神谷: 私への反論だと勇んで発言した会場の意見は私の言ったことや松竹問題とは関係ないものが大半でした。松竹氏との思い出話を語る人など「しょうもない」部分が多い上に、議論の内容を紹介することもできないので、私はあのブログで、赤旗の記事の中から、「なぜ松竹さんの除名を正当化できるのか」という論点をコピペしただけです。議論の内容を一切書かずに、党中央は私のような見解をどうやって批判しているのかを紹介したに過ぎません。
―― 先ほどの「ベースになっている問題」についていえば、24年に入って、現役党員を名乗る人が複数回にわたって匿名で記者会見し、党内のセクハラやパワハラを訴えています。こういった問題は、松竹問題よりも前からあったのかもしれませんが、最近になって一気に噴出した感があります。
神谷: 以前から「除籍」が「簡単な除名」として使われ、パワハラがその手段として使われることはありました。ですが、SNSが発達したり、松竹問題が社説含めてメディアで多く取り上げられたりするなど、党組織の側ではない事情で可視化される条件が整ってきたように思います。
赤旗「2000万円」スクープでも議席減の不思議
―― これだけ過敏に党が反応するのはなぜだと思いますか。共産党にとって重要な「民主集中制」に関係する議論だからですか。それともトップのパーソナリティーによるものですか。
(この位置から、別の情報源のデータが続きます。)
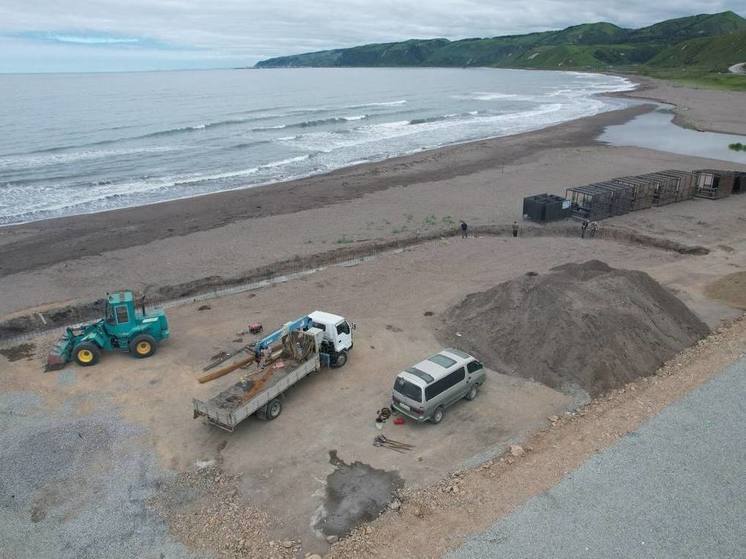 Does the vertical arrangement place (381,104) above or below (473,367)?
above

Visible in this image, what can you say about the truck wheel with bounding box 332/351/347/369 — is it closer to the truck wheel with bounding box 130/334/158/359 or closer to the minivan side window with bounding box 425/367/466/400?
the minivan side window with bounding box 425/367/466/400

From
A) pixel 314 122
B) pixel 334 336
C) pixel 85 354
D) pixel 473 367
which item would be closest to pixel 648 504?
pixel 473 367

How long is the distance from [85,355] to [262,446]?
27.1 feet

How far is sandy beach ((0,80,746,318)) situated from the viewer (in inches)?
1152

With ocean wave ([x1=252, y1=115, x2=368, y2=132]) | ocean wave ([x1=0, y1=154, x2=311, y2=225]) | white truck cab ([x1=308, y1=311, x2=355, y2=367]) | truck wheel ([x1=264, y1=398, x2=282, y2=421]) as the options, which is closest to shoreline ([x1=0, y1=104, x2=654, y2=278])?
ocean wave ([x1=0, y1=154, x2=311, y2=225])

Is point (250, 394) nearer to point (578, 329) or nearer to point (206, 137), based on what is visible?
point (578, 329)

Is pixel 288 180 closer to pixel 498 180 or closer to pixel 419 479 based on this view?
pixel 498 180

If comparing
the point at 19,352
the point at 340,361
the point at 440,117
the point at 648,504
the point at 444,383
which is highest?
the point at 440,117

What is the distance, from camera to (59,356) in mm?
19078

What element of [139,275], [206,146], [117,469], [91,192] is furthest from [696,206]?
[206,146]

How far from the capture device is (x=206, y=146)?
227 ft

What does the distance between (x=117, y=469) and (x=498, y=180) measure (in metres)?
39.4

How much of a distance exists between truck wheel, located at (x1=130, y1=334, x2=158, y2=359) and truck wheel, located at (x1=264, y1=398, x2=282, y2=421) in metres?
6.37

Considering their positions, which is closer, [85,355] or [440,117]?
[85,355] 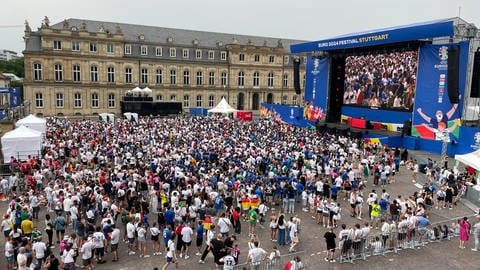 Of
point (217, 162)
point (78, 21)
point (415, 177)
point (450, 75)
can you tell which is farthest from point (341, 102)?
A: point (78, 21)

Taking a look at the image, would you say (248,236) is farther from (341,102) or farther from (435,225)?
(341,102)

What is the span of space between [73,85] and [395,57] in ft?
150

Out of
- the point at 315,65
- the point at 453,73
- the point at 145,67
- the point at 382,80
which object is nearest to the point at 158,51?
the point at 145,67

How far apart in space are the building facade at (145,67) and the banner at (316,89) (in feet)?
78.3

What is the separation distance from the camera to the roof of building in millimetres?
57625

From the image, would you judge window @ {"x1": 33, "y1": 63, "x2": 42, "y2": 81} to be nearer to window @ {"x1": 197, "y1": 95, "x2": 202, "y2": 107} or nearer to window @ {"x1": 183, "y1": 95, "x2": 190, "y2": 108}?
window @ {"x1": 183, "y1": 95, "x2": 190, "y2": 108}

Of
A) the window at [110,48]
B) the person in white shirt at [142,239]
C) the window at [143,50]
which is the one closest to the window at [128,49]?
the window at [143,50]

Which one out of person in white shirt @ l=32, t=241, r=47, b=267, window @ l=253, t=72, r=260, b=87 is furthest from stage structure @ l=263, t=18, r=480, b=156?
window @ l=253, t=72, r=260, b=87

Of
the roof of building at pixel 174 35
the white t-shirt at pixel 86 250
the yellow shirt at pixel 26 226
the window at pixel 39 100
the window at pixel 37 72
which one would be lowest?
the white t-shirt at pixel 86 250

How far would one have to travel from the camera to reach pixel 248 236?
1421 cm

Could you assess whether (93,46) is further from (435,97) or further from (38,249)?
(38,249)

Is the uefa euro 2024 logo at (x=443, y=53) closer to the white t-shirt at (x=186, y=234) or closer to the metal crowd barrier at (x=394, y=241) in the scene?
the metal crowd barrier at (x=394, y=241)

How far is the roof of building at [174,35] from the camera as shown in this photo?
57625 mm

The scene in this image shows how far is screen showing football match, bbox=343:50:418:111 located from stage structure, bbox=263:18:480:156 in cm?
8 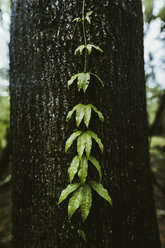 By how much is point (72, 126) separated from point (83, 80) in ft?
1.03

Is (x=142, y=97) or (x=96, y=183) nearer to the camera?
(x=96, y=183)

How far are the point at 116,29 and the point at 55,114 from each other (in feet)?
2.43

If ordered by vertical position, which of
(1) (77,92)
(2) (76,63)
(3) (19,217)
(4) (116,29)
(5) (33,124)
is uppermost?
(4) (116,29)

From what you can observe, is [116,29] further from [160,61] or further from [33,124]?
[160,61]

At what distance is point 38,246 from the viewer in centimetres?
118

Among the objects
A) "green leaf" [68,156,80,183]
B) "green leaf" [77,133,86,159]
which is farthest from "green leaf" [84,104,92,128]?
"green leaf" [68,156,80,183]

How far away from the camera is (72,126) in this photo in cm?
114

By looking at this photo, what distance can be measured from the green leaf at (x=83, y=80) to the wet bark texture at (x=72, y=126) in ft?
0.32

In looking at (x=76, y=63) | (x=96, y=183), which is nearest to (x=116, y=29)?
(x=76, y=63)

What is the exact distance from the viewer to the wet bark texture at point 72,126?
1125 mm

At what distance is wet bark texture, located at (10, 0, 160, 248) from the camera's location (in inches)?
44.3

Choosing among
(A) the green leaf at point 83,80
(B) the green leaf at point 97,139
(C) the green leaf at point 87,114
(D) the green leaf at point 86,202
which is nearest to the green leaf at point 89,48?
(A) the green leaf at point 83,80

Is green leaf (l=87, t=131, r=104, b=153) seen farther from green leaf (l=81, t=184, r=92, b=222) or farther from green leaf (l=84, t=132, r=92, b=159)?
green leaf (l=81, t=184, r=92, b=222)

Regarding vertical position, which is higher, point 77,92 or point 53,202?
point 77,92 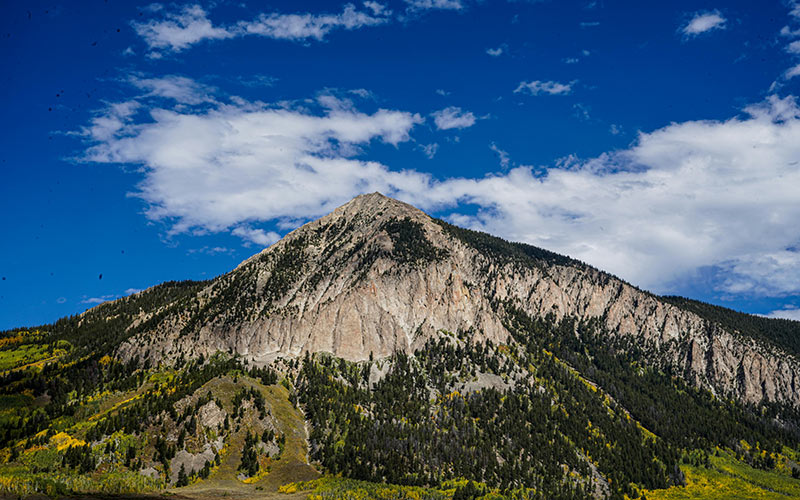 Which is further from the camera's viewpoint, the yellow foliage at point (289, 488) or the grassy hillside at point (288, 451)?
the yellow foliage at point (289, 488)

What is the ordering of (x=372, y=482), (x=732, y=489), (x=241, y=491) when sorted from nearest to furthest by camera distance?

神谷: この問題については「外れ値」のような暴走の仕方です。推察でしかないのですが、これはトップの方のパーソナリティーに起因しており、それを誰も止められない組織の体質が重なって、複合的・構造的に起きている問題だと思います。
―― 「トップ」といえば、1月には00年から委員長を務めていた志位和夫氏が退任し、田村智子氏が新たに就任しました。この10か月ほどで、党に何か変化はあったと感じますか。ブログの書き込みが問題視されたのが志位氏の時代、除籍・解雇が決まったのが田村氏の時代ですが......。
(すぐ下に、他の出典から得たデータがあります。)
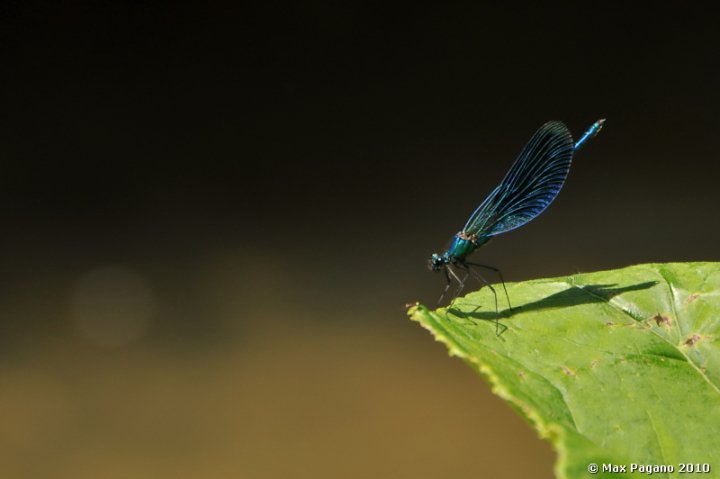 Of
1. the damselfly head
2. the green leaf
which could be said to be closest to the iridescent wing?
the damselfly head

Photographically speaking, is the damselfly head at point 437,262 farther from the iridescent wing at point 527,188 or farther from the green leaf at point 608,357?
the green leaf at point 608,357

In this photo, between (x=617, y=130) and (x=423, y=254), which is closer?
(x=617, y=130)

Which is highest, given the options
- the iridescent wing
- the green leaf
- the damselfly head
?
the iridescent wing

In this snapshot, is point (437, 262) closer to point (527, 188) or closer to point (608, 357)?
point (527, 188)

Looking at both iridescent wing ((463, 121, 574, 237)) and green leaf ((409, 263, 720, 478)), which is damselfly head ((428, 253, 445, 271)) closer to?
iridescent wing ((463, 121, 574, 237))

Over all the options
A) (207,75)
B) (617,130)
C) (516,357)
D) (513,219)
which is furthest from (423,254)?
(516,357)

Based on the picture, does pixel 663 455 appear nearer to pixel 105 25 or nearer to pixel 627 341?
pixel 627 341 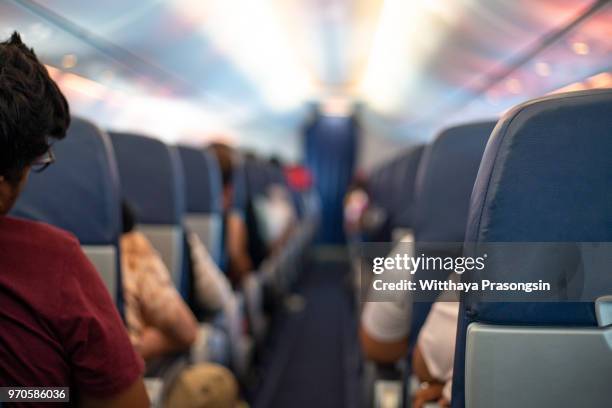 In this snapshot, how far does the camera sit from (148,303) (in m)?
1.98

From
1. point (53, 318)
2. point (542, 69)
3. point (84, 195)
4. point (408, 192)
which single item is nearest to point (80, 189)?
point (84, 195)

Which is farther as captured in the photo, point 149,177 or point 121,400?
point 149,177

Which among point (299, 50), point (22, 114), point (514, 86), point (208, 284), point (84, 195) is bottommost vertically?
point (208, 284)

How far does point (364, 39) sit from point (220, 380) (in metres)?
5.00

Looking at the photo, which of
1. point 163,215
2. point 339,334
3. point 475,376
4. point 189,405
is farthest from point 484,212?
point 339,334

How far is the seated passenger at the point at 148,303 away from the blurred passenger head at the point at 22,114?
0.83 metres

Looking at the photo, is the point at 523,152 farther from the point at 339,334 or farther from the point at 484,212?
the point at 339,334

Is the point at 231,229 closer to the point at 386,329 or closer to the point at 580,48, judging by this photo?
the point at 386,329

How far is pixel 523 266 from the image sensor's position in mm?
1136

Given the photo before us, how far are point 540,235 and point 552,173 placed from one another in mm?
119

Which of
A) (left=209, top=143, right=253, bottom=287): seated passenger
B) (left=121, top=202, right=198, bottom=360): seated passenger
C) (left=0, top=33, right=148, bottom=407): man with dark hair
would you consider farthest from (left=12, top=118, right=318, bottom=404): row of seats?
(left=0, top=33, right=148, bottom=407): man with dark hair

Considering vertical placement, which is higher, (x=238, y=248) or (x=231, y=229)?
(x=231, y=229)

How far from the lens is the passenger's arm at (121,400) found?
1.13 meters

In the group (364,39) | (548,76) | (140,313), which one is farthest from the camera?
(364,39) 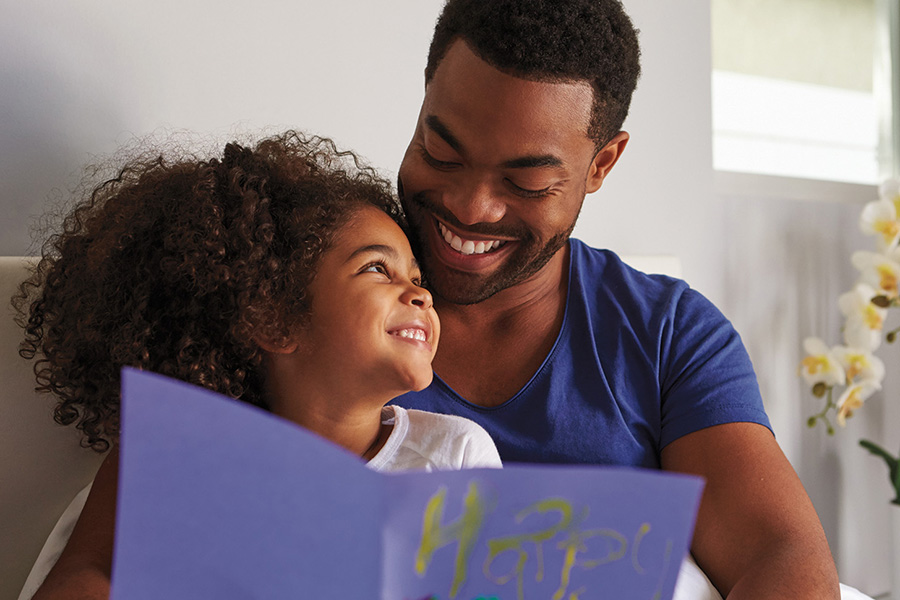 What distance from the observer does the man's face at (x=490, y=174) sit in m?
1.03

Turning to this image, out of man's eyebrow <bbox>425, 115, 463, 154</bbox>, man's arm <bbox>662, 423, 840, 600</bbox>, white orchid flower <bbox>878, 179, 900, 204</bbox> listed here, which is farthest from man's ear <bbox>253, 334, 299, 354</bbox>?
white orchid flower <bbox>878, 179, 900, 204</bbox>

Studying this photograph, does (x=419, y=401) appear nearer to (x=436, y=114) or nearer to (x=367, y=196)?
(x=367, y=196)

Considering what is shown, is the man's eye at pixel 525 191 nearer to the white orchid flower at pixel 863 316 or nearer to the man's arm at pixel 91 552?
the man's arm at pixel 91 552

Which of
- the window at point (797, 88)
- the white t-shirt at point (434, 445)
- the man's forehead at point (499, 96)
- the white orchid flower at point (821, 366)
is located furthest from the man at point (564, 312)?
the window at point (797, 88)

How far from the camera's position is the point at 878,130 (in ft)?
8.02

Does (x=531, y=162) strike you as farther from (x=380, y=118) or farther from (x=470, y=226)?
(x=380, y=118)

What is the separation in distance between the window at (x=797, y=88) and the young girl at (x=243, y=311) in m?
1.48

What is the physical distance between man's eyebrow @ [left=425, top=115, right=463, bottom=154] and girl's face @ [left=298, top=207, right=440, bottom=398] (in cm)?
15

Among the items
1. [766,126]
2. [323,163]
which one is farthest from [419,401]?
[766,126]

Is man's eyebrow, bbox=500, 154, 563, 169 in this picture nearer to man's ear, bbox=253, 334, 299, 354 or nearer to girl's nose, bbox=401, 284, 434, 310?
girl's nose, bbox=401, 284, 434, 310

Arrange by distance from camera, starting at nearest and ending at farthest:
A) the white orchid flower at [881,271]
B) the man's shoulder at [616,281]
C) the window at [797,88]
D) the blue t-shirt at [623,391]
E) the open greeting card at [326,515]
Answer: the open greeting card at [326,515] < the blue t-shirt at [623,391] < the man's shoulder at [616,281] < the white orchid flower at [881,271] < the window at [797,88]

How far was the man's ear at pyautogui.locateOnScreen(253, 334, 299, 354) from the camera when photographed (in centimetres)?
100

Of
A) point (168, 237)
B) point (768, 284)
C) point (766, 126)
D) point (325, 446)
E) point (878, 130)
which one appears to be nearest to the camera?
point (325, 446)

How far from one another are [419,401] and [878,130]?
6.47 ft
神谷: おっしゃる通り、表面的には悪化しています。志位時代には調査にとどまっていたのに、田村時代になったら私を除籍した、というのが表面的には起きたことです。党の登記を取ったら、今でも代表者は志位さんです。(党は)「国内政治での代表は田村さん」という言い方をしているので、それ以外の部分は実は今でも志位さんが代表で、事実上のツートップということだと思います。
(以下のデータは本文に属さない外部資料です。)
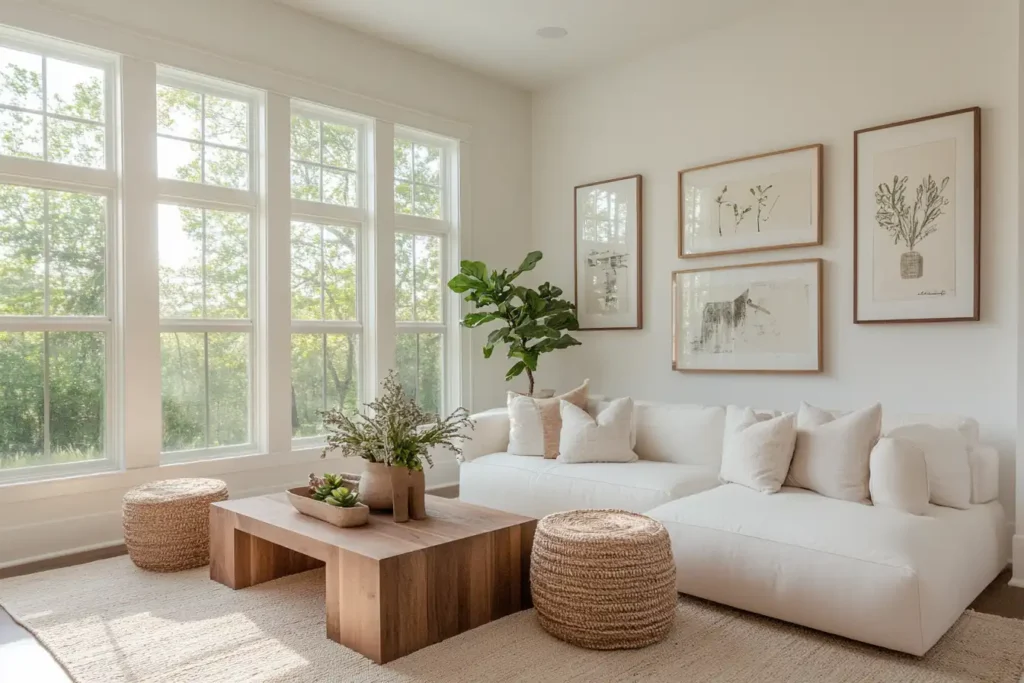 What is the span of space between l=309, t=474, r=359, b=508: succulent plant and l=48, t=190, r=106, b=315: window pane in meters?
1.76

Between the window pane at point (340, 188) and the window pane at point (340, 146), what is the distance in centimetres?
6

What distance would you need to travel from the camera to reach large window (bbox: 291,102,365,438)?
185 inches

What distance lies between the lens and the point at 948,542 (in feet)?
8.84

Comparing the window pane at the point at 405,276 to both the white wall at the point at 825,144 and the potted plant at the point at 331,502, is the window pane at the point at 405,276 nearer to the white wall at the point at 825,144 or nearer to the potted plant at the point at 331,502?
the white wall at the point at 825,144

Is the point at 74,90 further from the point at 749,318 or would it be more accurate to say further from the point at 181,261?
the point at 749,318

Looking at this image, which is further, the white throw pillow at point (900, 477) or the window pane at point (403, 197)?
the window pane at point (403, 197)

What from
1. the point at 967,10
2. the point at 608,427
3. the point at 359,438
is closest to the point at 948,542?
the point at 608,427

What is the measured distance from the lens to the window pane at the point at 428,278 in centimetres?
537

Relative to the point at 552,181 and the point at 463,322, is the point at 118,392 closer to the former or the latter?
the point at 463,322

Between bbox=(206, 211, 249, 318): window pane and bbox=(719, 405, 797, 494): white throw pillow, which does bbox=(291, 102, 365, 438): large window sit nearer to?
bbox=(206, 211, 249, 318): window pane

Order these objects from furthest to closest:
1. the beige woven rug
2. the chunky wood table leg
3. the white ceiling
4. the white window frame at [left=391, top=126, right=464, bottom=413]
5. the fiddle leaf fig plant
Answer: the white window frame at [left=391, top=126, right=464, bottom=413] → the fiddle leaf fig plant → the white ceiling → the chunky wood table leg → the beige woven rug

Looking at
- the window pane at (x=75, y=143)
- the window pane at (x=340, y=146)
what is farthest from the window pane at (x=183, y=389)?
the window pane at (x=340, y=146)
―― 10月27日に投開票された衆院選の期間中、共産党の機関紙「しんぶん赤旗」が、自民党本部が裏金問題で非公認にした議員にも2000万円を支給したことを報じました。これは自民党にとって大きな打撃になったと考えられています。そもそも、裏金問題も赤旗の特ダネでした。にもかかわらず、共産党は公示前の10議席を8議席に減らしてしまいました。なぜこんなことが起こるのでしょうか。
神谷: 長い党員人生で、選挙の途中で共産党が打ったヒットが、これだけ世間に反響を与え、選挙結果に響いた例は見たことありません。「しんぶん赤旗の~」「共産党の~」といった出典はテレビや新聞でも繰り返し報道されるわけで、議席が「爆増」はしないとしても、多少は増えるだろう、というのが普通の感覚だと思います。ですが、比例票が80万票減り、議席も減るというのは、「高齢化している」「活動能力が落ちている」といった一般的な話では説明できないものがあると考えざるを得ません。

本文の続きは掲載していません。